El mensajero

Adriana Dávila Fernández

Una de las características de este gobierno federal es comunicar sus mensajes a través de símbolos. De ahí que esta táctica de tropicalizar el pleito entre quienes disienten de su forma de pensar y quienes están a su favor; la división entre conservadores y liberales, entre los integrantes de una «mafia» y el «pueblo bueno y trabajador», entre buenos contra malos, le ha funcionado muy bien al presidente López Obrador en estos 21 meses de su mandato. Ha puesto el ultimátum de «estás con el gobierno o contra el gobierno», en tanto que su autoridad solo demuestra su ineficiencia.

Ha propagado una lucha absurda entre el «vamos requetebién» y el reclamo de la realidad de habitantes que lo único que demandamos es el cumplimiento de sus promesas electorales, porque tenemos derecho a un buen gobierno que actúe con sensatez, responsabilidad y eficiencia.

Poco importa el fondo de los problemas, lo esencial es justificar la inexistente atención a las graves dificultades que nos aquejan, «consecuencia de lo que dejaron los representantes del pasado», repiten una y otra y otra y otra vez los agoreros de la cada vez más reducida secta de creyentes del llamado «mesías tropical».

Las decisiones tomadas en más de un año y medio han dejado mucho que desear (fraternidad entre mexicanos, políticas públicas eficaces, gasto público racional) y mucho más qué lamentar (más de medio millón de contagiados, alrededor de 59 mil fallecidos por Covid-19, otros tantos debido al desabasto de medicinas para personas con cáncer, y poco más de 58 mil homicidios violentos, incluidos feminicidios). Y lo único que atina el gobierno es a preparar el show matutino de cada mañana para responsabilizar a los que no acompañan sus resultados.

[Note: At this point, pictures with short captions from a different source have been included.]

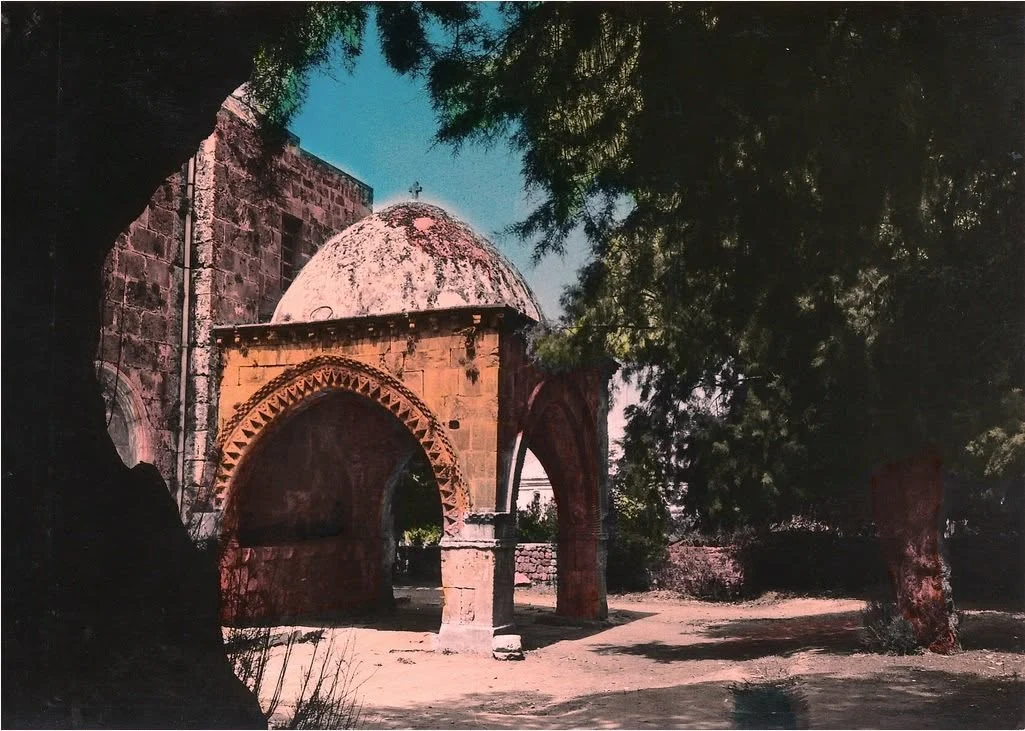 A hand-coloured postcard of the baptistery: the domed porch on its carved pointed arches, under trees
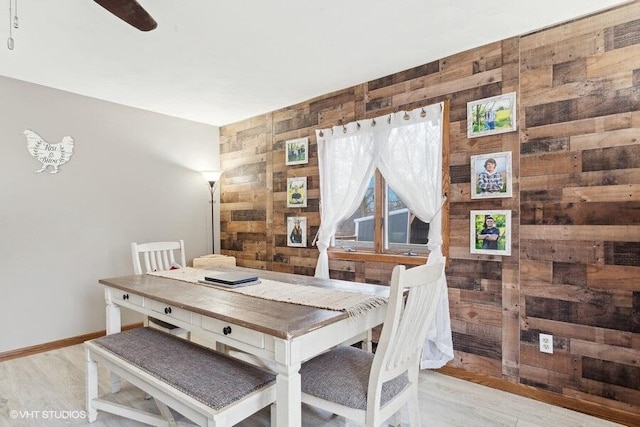 dining space with ceiling fan and wooden walls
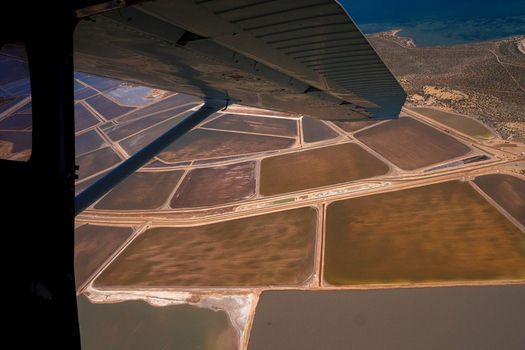 Aerial view of the salt ponds at Useless Loop showing industrial patterns and varying water colors from the air in Kalbarri Western Australia Australia. Aerial view of the salt ponds at Useless Loop showing industrial patterns and varying water colors from the air in Kalbarri Western Australia Australia.
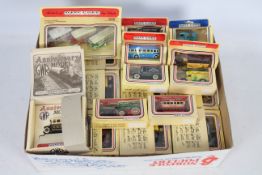 Lledo - A collection of 54 boxed die cast model delivery vans, cars service vehicles and similar.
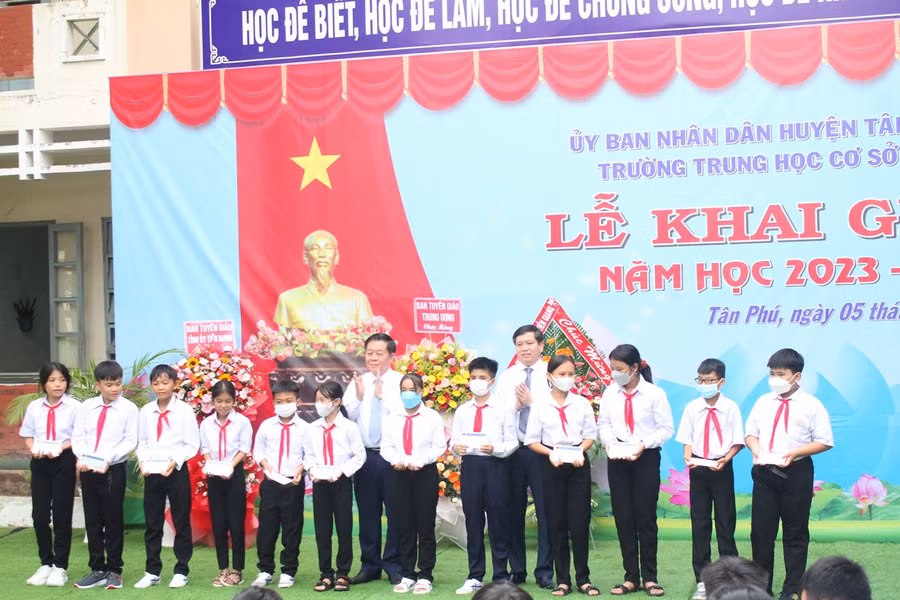 Trưởng Ban Tuyên giáo Trung ương Nguyễn Trọng Nghĩa trao học bổng cho học sinh.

Como parte de esta pantomima política, muchos son ya los tantos mensajeros del presidente que entran en acción para defender lo indefendible. Le tocó turno al Fiscal General de la República, representante de una de las instituciones que se supone debiera ser autónoma e independiente del Poder Ejecutivo -que por cierto hoy da señales de sometimiento y dependencia-, quien desempeñó el cargo de vocero para delinear, -según él- las diferencias entre los casos Lozoya-Nitrogenados-Odebrecht y Rosario Robles-Estafa Maestra y la consecuente aplicación de criterios legales en cada caso. El mensaje fue contundente: la aplicación de la justicia no depende del tamaño del pez, sino del tamaño del rencor presidencial.

Es particularmente preocupante que la instancia responsable de fundamentar sus acciones, investigar e integrar las carpetas correspondientes, fincar responsabilidades y, me parece lo más importante, comprobar los delitos y tener certeza de ello, acuse que la indiciada «no ha sido solidaria con el Estado«, porque en el lenguaje del régimen, no se dio a la tarea de «cantar» las tonadas que quieren escuchar en Palacio Nacional.

Lamentable mensaje del mensajero con cargo de fiscal general, porque le dio más pesó a la venganza presidencial contra la exsecretaria Robles, por haber exhibido la corrupción de uno de sus incondicionales, René Bejarano, que a la aplicación de la ley o a la impartición de justicia. Se pretende, bajo la falaz bandera de «limpiar y conocer la verdad«, aplicar «cláusulas» que desvíen la atención de la ineficiencia del gobierno para hacer frente a la pandemia, al desplome de la economía, a la pérdida del empleo, o al incremento de la inseguridad pública.

En pocas palabras, el gobierno es responsable del mucho dolor que hoy existe y que pudo haber evitado, del miedo e incertidumbre que recorre la mente y el corazón de las y los mexicanos. De la promesa electoral de «justicia para todos«, pasamos, por decreto presidencial, a una justicia selectiva.